» Work request:
Among the entries below, one line contains "المحرك : 2400" and another contains "Spinningový bicykel Precor". Transcribe those two lines and every line between them, exactly.

» Records for the task:
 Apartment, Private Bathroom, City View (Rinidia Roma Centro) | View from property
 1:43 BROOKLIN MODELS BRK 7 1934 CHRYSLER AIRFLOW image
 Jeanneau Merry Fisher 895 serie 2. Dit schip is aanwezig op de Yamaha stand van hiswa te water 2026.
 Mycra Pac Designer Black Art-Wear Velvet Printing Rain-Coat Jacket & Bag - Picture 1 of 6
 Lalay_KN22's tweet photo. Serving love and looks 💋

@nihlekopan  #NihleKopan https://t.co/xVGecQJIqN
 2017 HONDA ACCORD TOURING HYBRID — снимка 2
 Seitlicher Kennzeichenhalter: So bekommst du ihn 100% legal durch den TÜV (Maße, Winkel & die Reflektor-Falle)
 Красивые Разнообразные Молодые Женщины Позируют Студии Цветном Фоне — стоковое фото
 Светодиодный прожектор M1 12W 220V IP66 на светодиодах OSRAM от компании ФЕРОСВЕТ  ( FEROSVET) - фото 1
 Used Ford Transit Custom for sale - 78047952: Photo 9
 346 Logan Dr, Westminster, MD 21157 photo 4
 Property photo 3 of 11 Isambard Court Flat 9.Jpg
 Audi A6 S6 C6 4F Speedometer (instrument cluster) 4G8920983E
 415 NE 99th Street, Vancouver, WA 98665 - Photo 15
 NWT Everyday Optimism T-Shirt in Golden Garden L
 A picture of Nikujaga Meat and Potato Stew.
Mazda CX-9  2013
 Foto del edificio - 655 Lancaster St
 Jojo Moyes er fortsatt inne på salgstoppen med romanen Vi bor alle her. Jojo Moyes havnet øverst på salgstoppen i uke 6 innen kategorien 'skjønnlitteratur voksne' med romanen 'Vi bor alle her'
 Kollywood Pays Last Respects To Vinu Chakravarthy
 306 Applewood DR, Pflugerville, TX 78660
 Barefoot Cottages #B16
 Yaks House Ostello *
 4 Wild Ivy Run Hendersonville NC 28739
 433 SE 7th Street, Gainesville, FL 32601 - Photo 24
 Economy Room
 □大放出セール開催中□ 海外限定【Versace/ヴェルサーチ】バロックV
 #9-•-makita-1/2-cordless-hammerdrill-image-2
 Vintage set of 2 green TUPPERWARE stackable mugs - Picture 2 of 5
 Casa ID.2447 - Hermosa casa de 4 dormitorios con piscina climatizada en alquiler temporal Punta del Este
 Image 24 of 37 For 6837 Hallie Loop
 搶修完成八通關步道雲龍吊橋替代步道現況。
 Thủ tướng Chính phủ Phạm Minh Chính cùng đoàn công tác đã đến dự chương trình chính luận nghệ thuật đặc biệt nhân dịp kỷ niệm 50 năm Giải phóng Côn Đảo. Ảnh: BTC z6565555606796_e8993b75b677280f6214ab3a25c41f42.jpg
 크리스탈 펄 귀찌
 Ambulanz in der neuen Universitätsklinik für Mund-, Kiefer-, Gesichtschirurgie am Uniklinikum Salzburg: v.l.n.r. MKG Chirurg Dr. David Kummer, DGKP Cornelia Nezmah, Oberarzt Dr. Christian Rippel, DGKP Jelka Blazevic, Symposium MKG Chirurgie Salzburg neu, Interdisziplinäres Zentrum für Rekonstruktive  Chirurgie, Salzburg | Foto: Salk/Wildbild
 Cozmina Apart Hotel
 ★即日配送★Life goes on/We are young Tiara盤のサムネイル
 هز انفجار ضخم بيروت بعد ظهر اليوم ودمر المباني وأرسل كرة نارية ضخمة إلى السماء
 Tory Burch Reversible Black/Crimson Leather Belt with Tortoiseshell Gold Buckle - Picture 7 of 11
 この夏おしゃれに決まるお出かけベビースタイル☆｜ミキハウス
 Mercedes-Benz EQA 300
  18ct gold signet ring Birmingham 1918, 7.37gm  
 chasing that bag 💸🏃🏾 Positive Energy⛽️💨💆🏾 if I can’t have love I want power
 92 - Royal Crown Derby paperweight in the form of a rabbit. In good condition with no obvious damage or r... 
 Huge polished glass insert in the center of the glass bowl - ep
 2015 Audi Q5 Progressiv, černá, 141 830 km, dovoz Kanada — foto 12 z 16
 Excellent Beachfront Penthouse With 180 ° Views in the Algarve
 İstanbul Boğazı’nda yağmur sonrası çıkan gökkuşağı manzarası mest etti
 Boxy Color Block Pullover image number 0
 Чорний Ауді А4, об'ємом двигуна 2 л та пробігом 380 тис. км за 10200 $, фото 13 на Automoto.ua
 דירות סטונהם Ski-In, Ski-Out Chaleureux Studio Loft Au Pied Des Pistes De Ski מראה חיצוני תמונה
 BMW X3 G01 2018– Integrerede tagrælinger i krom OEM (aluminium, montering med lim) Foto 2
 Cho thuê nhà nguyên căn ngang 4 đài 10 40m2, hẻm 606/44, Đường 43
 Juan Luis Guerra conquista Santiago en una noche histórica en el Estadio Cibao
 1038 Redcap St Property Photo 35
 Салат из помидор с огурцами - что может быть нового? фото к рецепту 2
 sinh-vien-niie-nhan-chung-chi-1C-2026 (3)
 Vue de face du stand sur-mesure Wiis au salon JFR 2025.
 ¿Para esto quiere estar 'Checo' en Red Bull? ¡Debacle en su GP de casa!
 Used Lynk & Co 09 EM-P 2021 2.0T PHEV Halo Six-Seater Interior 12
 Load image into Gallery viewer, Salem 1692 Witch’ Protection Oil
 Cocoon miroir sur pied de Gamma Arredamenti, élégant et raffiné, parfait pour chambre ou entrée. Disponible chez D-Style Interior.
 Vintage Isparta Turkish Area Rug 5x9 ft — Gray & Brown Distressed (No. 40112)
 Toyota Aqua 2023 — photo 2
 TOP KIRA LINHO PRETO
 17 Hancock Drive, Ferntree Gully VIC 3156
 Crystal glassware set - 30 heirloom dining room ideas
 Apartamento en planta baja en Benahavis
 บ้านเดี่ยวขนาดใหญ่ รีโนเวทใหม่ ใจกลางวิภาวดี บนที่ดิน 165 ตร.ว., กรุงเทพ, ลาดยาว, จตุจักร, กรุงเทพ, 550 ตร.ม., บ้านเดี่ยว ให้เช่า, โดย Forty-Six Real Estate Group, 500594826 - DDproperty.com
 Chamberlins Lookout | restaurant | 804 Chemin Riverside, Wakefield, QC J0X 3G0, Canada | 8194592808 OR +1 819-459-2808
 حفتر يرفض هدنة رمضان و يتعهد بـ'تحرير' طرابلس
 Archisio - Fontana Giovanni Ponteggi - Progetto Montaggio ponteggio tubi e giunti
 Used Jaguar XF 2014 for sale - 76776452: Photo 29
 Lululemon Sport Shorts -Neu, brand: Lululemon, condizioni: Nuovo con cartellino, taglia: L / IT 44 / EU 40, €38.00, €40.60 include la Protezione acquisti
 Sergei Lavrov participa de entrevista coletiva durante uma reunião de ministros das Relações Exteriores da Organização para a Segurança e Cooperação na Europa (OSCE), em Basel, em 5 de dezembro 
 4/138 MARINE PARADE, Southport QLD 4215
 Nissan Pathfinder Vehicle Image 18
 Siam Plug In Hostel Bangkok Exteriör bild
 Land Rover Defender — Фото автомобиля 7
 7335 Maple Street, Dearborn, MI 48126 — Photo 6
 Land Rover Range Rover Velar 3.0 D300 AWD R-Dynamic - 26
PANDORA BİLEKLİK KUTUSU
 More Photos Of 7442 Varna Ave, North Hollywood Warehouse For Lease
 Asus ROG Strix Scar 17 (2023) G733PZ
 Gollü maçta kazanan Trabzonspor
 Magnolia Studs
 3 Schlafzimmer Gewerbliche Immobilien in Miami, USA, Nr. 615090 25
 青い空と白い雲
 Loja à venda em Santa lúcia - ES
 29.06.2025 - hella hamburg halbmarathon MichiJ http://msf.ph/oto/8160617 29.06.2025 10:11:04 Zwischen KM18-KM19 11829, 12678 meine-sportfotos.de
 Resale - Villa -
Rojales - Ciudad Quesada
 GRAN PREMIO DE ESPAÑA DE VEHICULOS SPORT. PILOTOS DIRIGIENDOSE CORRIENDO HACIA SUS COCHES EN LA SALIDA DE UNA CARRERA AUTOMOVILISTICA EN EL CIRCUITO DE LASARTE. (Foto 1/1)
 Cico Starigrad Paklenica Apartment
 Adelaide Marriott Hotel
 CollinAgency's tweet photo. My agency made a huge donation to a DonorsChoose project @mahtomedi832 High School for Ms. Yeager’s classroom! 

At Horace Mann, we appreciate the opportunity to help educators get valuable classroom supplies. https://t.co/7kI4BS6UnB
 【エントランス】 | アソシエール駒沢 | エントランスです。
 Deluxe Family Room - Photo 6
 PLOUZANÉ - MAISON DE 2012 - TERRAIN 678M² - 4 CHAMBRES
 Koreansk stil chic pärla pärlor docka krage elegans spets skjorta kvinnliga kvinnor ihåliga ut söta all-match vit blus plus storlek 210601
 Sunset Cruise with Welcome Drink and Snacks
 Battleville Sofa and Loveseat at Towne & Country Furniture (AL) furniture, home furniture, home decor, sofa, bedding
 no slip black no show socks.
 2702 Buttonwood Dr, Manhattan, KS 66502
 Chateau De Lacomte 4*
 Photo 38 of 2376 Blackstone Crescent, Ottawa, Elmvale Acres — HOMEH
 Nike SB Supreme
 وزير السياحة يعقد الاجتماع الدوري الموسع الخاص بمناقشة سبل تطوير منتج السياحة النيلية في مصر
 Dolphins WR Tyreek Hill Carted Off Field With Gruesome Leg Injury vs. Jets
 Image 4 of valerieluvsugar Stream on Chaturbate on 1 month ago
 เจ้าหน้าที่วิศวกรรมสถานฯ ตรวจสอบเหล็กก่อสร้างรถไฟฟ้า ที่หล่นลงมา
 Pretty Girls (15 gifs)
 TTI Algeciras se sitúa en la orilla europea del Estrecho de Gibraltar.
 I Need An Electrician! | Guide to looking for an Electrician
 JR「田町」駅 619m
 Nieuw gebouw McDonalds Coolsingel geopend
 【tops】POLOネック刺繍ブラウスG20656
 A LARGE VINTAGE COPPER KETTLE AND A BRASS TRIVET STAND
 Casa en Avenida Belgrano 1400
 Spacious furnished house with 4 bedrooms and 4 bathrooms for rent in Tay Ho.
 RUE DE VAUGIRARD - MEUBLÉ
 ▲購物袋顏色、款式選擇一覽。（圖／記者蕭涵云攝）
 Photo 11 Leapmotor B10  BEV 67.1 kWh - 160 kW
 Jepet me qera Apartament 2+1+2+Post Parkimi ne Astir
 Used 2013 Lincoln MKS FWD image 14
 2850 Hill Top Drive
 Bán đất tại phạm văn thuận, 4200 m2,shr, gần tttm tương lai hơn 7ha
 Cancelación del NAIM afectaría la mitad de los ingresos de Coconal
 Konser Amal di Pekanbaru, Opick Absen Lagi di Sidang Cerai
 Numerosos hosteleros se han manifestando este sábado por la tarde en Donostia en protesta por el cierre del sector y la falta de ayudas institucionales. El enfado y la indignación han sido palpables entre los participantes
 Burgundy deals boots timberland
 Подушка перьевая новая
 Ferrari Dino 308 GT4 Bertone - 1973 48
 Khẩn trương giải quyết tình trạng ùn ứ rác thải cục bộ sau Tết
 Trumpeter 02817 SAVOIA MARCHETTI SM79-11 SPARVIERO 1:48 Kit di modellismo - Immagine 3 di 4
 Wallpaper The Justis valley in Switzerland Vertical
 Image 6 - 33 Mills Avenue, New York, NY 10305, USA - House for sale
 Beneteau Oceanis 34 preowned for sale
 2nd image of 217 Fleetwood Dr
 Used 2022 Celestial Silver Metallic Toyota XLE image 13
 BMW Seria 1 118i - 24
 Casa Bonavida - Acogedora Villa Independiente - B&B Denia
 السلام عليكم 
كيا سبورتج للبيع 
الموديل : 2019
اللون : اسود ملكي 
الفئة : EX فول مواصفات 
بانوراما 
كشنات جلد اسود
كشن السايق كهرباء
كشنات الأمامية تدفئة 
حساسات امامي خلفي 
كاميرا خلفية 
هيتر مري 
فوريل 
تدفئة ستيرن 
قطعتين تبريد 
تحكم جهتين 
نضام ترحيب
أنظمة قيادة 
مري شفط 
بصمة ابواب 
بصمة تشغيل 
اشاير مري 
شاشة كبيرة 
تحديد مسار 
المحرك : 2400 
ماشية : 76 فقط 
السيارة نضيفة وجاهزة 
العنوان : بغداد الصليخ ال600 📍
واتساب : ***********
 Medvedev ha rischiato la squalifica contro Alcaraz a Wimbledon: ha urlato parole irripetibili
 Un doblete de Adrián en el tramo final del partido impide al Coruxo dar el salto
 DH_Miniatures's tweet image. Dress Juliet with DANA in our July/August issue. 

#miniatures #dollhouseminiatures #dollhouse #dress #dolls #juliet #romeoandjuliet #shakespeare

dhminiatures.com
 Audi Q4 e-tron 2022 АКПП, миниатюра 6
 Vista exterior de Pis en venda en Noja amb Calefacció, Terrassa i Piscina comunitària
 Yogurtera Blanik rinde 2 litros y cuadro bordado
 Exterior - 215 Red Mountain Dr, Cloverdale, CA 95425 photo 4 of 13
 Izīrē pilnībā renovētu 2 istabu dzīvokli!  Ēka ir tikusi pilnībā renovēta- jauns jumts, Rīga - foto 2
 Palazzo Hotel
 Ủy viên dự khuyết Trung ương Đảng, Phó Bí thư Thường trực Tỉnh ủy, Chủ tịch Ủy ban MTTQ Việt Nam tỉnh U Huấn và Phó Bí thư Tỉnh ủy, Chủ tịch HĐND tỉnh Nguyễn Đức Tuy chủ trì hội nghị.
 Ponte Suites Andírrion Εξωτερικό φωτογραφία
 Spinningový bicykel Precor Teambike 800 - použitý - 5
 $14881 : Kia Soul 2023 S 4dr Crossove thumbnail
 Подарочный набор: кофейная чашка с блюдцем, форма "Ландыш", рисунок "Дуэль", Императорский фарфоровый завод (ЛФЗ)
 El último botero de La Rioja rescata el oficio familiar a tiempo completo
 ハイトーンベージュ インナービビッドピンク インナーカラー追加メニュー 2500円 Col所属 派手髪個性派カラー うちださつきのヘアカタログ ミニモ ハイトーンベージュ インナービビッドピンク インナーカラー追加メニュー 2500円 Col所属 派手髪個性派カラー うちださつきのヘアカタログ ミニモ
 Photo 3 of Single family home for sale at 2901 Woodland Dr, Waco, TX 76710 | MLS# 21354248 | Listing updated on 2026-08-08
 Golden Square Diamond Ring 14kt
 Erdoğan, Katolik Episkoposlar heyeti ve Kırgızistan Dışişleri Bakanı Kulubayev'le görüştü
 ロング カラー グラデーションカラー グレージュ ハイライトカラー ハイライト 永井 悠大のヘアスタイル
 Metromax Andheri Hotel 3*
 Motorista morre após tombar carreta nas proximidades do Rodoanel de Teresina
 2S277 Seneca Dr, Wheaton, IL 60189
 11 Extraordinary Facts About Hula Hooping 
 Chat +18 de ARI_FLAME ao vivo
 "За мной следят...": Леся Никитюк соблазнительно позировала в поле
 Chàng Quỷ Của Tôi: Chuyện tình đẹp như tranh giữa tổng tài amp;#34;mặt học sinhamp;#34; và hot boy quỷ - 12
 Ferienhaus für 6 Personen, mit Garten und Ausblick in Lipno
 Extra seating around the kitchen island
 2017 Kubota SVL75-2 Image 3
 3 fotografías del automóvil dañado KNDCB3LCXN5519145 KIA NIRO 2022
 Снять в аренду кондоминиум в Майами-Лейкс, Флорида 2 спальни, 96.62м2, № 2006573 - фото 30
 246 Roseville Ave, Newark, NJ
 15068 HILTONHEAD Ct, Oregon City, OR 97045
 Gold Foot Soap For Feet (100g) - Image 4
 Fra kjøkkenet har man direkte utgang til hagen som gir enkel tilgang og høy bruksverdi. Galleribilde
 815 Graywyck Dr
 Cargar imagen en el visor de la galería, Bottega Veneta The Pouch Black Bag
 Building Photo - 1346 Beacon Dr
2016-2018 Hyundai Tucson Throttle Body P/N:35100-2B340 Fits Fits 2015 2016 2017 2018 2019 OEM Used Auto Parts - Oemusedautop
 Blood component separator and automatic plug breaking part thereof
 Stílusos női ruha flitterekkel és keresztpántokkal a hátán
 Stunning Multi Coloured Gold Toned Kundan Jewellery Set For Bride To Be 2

» Answer section:
المحرك : 2400 
ماشية : 76 فقط 
السيارة نضيفة وجاهزة 
العنوان : بغداد الصليخ ال600 📍
واتساب : ***********
 Medvedev ha rischiato la squalifica contro Alcaraz a Wimbledon: ha urlato parole irripetibili
 Un doblete de Adrián en el tramo final del partido impide al Coruxo dar el salto
 DH_Miniatures's tweet image. Dress Juliet with DANA in our July/August issue. 

#miniatures #dollhouseminiatures #dollhouse #dress #dolls #juliet #romeoandjuliet #shakespeare

dhminiatures.com
 Audi Q4 e-tron 2022 АКПП, миниатюра 6
 Vista exterior de Pis en venda en Noja amb Calefacció, Terrassa i Piscina comunitària
 Yogurtera Blanik rinde 2 litros y cuadro bordado
 Exterior - 215 Red Mountain Dr, Cloverdale, CA 95425 photo 4 of 13
 Izīrē pilnībā renovētu 2 istabu dzīvokli!  Ēka ir tikusi pilnībā renovēta- jauns jumts, Rīga - foto 2
 Palazzo Hotel
 Ủy viên dự khuyết Trung ương Đảng, Phó Bí thư Thường trực Tỉnh ủy, Chủ tịch Ủy ban MTTQ Việt Nam tỉnh U Huấn và Phó Bí thư Tỉnh ủy, Chủ tịch HĐND tỉnh Nguyễn Đức Tuy chủ trì hội nghị.
 Ponte Suites Andírrion Εξωτερικό φωτογραφία
 Spinningový bicykel Precor Teambike 800 - použitý - 5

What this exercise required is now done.